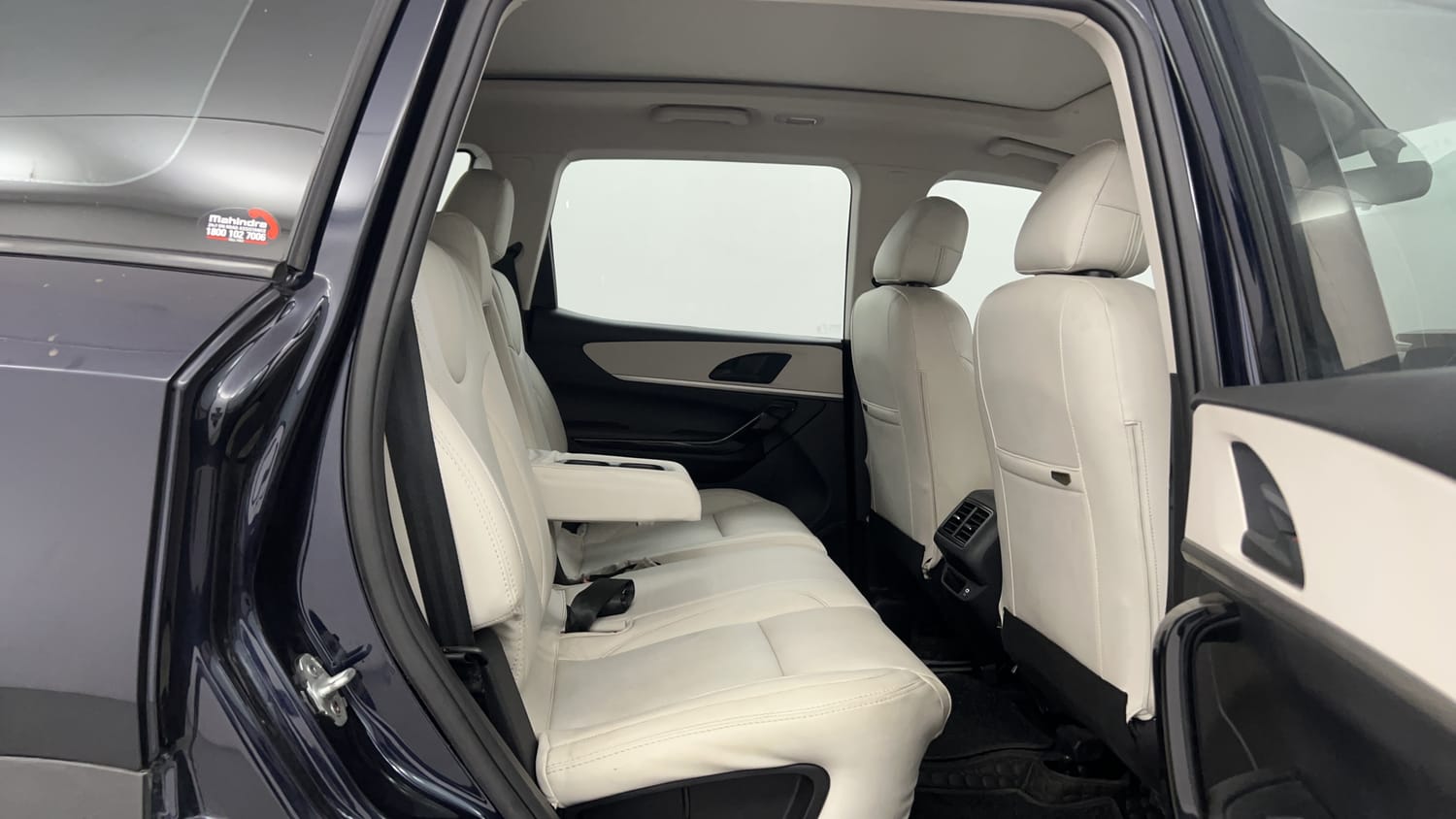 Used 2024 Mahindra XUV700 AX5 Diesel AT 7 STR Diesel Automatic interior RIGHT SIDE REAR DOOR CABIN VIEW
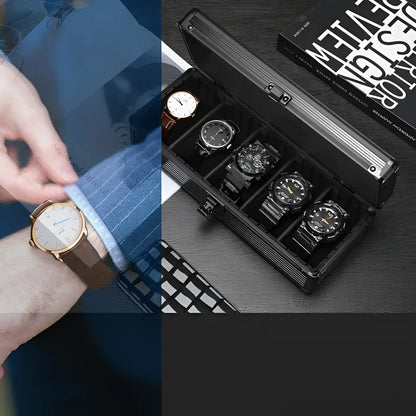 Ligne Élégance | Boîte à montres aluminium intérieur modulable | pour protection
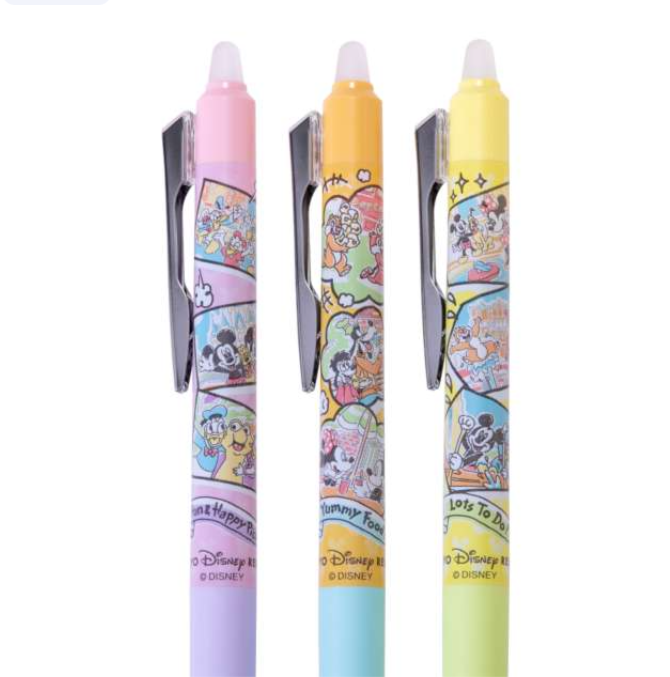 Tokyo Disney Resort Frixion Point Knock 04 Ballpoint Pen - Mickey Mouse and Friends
------------------------------------------------
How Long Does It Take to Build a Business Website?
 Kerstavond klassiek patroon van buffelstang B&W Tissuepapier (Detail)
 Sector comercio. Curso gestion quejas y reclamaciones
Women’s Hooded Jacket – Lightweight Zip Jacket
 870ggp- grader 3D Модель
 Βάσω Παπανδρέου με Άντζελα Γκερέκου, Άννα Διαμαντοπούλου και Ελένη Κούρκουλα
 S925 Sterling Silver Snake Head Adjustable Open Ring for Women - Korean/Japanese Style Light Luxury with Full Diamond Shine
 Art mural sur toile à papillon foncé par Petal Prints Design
------------------------------------------------
Problem statement - Each line in the records above that contains the word "Women" must be copied.

Written solution -
Women’s Hooded Jacket – Lightweight Zip Jacket
 S925 Sterling Silver Snake Head Adjustable Open Ring for Women - Korean/Japanese Style Light Luxury with Full Diamond Shine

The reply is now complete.